§ WHAT TO WORK ON:
Below are some records. Print exactly the lines between the one holding "If you've never" and the one holding "FS 880.004 dampft", inclusive, and nothing else.

§ STUDY MATERIAL:
┌──
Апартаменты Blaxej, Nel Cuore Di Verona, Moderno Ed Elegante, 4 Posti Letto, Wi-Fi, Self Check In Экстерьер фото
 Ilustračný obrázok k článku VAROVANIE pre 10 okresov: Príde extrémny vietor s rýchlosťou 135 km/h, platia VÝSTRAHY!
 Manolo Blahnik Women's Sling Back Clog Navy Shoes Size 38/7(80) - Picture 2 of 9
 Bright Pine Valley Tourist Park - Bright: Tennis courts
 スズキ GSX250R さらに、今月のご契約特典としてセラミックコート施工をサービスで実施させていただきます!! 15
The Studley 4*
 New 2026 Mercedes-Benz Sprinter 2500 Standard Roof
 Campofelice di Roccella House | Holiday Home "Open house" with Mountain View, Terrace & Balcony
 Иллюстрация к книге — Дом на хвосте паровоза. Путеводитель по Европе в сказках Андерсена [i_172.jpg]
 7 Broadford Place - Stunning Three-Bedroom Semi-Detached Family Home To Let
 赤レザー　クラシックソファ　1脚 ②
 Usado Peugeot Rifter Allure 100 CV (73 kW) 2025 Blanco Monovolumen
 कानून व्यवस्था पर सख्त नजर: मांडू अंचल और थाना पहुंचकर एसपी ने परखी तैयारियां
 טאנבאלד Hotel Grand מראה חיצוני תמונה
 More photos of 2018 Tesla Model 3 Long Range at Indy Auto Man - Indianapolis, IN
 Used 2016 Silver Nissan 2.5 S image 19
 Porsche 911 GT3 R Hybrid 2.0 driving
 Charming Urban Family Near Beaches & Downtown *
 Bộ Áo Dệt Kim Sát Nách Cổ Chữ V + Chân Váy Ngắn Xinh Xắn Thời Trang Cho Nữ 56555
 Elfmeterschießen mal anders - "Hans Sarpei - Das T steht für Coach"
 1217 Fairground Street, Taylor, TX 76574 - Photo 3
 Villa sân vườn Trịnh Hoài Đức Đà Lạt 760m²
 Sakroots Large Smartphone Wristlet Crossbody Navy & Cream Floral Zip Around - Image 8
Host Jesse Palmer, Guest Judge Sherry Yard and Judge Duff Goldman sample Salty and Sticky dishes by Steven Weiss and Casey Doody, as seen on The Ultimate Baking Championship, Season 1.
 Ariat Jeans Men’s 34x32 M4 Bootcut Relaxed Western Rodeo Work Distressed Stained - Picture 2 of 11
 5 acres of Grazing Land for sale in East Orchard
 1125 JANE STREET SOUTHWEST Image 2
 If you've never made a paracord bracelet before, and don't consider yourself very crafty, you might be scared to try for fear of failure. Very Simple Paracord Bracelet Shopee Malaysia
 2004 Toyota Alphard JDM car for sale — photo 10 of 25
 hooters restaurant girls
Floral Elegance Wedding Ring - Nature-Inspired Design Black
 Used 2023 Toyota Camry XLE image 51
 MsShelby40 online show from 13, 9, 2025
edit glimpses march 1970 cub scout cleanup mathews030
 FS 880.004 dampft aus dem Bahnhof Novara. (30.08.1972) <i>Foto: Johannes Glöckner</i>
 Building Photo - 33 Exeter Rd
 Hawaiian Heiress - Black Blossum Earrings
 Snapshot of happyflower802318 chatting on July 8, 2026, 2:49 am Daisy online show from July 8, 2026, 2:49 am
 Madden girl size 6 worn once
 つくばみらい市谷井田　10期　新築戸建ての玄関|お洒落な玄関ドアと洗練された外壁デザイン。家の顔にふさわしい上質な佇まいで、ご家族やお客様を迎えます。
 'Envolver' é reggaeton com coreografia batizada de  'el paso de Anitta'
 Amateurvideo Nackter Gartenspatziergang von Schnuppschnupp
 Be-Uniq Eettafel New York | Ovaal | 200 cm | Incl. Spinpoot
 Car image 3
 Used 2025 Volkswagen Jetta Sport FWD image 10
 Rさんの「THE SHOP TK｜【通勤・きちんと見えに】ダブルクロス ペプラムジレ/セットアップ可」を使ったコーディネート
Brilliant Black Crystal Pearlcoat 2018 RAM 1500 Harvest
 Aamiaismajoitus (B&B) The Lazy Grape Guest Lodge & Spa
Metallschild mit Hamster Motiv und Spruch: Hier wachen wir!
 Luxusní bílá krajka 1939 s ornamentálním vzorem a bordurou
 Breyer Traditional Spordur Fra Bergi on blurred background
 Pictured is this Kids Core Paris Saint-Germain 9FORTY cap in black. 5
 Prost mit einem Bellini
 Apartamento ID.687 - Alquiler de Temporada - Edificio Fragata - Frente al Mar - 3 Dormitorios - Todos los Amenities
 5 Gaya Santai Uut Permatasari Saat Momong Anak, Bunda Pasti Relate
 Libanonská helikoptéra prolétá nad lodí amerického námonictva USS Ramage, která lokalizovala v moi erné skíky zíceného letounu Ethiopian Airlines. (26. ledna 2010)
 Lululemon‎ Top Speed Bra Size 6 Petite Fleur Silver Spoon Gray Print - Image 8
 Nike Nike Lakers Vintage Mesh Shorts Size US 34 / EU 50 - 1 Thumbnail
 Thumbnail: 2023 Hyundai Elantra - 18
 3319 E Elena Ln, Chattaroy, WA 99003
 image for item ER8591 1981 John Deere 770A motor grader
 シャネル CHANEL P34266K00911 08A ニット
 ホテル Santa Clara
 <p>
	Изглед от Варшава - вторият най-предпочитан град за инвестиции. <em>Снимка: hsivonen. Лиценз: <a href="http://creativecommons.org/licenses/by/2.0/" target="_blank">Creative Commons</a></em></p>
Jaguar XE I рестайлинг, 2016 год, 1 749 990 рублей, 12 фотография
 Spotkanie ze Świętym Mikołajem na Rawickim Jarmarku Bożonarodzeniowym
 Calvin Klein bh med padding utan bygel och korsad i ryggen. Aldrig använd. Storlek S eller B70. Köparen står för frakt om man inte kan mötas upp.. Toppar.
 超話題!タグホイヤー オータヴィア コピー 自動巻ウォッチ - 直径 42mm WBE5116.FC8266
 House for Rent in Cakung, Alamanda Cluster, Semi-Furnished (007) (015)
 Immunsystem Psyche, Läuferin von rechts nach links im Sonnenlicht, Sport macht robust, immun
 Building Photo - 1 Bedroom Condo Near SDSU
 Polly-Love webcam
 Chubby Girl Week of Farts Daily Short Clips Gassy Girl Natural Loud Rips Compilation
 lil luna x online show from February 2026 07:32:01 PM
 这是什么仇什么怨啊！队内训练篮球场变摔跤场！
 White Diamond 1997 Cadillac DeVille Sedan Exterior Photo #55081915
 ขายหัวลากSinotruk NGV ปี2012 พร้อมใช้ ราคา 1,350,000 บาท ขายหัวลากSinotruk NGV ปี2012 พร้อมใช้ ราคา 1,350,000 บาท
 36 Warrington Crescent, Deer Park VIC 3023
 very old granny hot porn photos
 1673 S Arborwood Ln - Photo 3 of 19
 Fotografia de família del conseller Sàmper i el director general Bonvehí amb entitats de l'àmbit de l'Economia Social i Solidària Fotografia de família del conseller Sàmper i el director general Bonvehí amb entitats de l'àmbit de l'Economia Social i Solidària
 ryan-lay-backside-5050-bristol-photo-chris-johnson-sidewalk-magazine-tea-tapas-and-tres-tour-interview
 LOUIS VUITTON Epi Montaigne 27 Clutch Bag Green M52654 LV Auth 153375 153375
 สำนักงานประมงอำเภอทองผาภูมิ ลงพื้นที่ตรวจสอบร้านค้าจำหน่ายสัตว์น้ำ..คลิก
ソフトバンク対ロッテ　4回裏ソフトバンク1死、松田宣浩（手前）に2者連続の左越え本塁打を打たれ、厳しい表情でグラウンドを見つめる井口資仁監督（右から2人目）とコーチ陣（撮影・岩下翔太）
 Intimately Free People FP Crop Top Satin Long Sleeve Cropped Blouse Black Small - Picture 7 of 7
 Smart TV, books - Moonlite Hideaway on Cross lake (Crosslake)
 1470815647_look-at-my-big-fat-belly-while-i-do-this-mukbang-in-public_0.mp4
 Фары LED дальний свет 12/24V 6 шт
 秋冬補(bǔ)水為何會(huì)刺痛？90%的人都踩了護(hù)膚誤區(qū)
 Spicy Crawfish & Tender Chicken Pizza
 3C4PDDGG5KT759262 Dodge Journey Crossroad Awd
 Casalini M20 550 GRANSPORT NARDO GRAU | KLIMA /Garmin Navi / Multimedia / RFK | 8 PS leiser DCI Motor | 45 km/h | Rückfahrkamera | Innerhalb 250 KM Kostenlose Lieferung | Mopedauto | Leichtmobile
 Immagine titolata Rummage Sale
└──
§ EXERCISE RESULT:
 If you've never made a paracord bracelet before, and don't consider yourself very crafty, you might be scared to try for fear of failure. Very Simple Paracord Bracelet Shopee Malaysia
 2004 Toyota Alphard JDM car for sale — photo 10 of 25
 hooters restaurant girls
Floral Elegance Wedding Ring - Nature-Inspired Design Black
 Used 2023 Toyota Camry XLE image 51
 MsShelby40 online show from 13, 9, 2025
edit glimpses march 1970 cub scout cleanup mathews030
 FS 880.004 dampft aus dem Bahnhof Novara. (30.08.1972) <i>Foto: Johannes Glöckner</i>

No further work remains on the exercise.